Assignment:
In the listing below, find the line containing "55 TFSI e S" and the line containing "Adorable home with a huge back yard !", then copy exactly everything from the first through the second, except the pictures.

Supplied data:
········

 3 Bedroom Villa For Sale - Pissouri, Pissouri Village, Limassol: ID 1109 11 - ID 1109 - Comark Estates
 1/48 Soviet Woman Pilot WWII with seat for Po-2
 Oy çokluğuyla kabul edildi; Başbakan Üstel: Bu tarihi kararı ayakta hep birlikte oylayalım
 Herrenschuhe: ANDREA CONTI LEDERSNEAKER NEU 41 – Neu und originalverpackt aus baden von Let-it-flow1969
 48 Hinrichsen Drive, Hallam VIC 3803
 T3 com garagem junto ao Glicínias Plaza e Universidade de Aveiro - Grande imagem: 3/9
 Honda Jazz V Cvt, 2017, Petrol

········

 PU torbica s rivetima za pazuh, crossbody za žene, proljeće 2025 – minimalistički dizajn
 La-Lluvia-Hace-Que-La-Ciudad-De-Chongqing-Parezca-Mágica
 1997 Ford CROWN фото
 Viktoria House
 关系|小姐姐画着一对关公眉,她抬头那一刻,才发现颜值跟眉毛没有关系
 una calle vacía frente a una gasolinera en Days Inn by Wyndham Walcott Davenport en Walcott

········

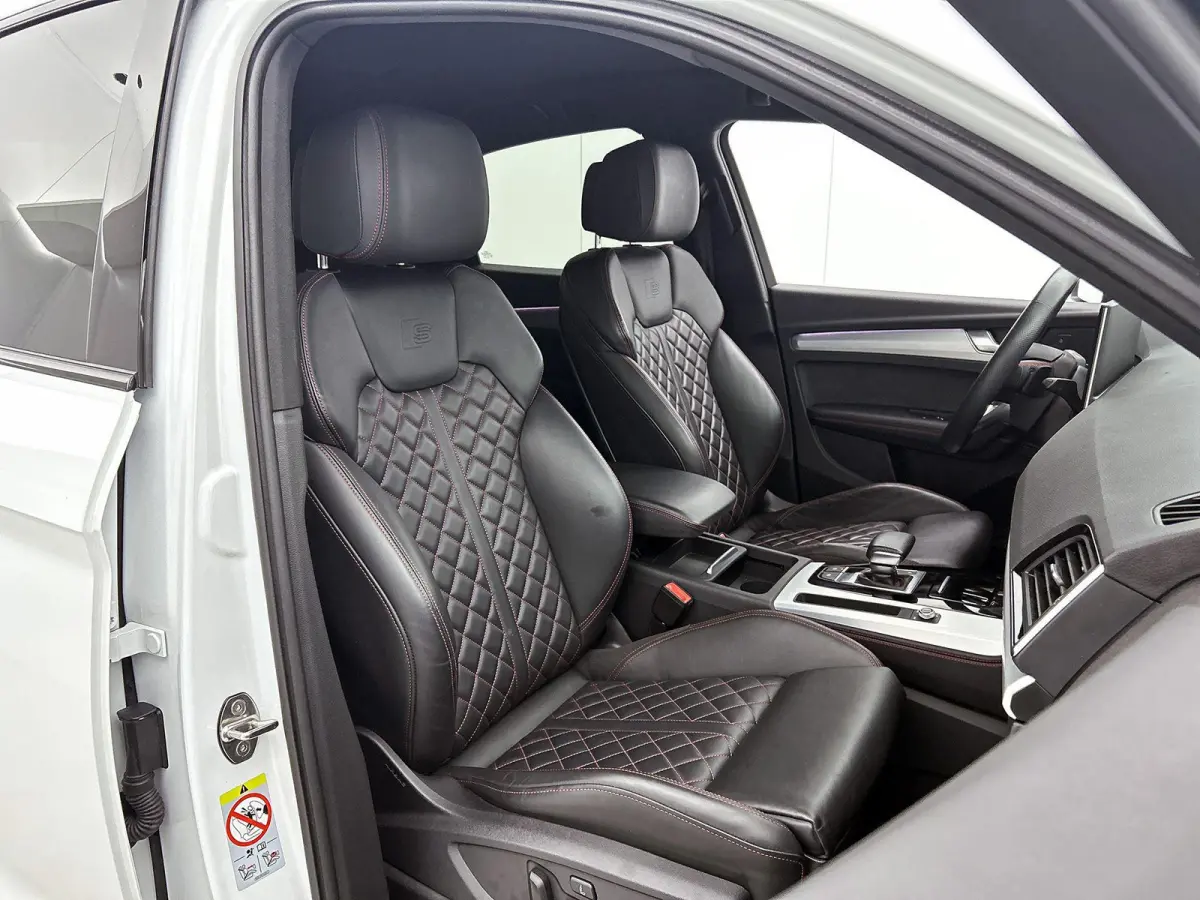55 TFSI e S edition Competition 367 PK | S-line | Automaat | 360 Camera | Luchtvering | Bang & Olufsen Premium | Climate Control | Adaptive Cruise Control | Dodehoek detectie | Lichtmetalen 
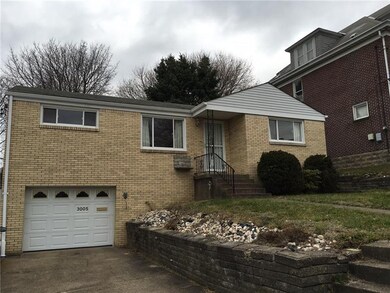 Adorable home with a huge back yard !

········

Answer box:
55 TFSI e S edition Competition 367 PK | S-line | Automaat | 360 Camera | Luchtvering | Bang & Olufsen Premium | Climate Control | Adaptive Cruise Control | Dodehoek detectie | Lichtmetalen 
 Adorable home with a huge back yard !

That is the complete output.